Google is set to enhance its web development platform with revolutionary tools that allow users to create applications using natural language prompts, alongside powerful multimodal capabilities. In a recent Medium post, JavaScript engineer Bedros Pamboukian shared purported screenshots of emerging AI features for MakerSuite, including Gemini—a highly anticipated multimodal AI model that will enable text, image, and audio inputs and outputs. While these features have yet to be publicly confirmed, the early screenshots suggest that they are still in the developmental stages, with several interface elements appearing unfinished.
### What’s Been Revealed?
The leaked features include a standout tool called Stubbs, designed to streamline the creation and sharing of AI-generated app prototypes with minimal effort.
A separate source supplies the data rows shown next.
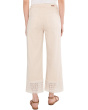 Mid-Rise Stride Wide Leg Pant With Lace Trim 27" Inseam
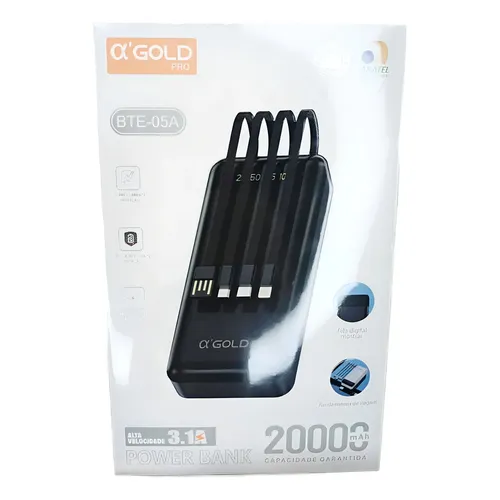 BTE-05A Power Bank Carregador Portátil Universal para Celular e Smartphone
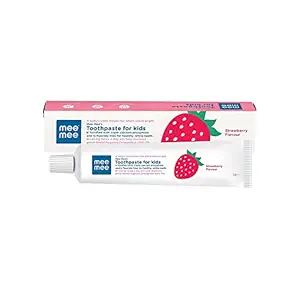 Mee Mee Fluoride Free Toothpaste For Kids (Strawberry Flavour)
If accurate, Stubbs promises a user-friendly approach to web app development tailored for non-technical individuals. In addition to Stubbs, there’s a companion feature known as Stubbs Gallery, which will allow MakerSuite users to explore and modify existing prototypes. Notably, user-created Stubbs will remain private by default, with the option to share them with others.
Gemini, which is also referred to by the codename 'Jetway' for MakerSuite integration, is expected to drive the platform's multimodal functionalities. This includes capabilities in text recognition, object recognition, contextual understanding of images, and the ability to incorporate videos and HTML in prompts. The engineer indicated that Gemini will also be integrated into Vertex AI, Google's development environment for applications.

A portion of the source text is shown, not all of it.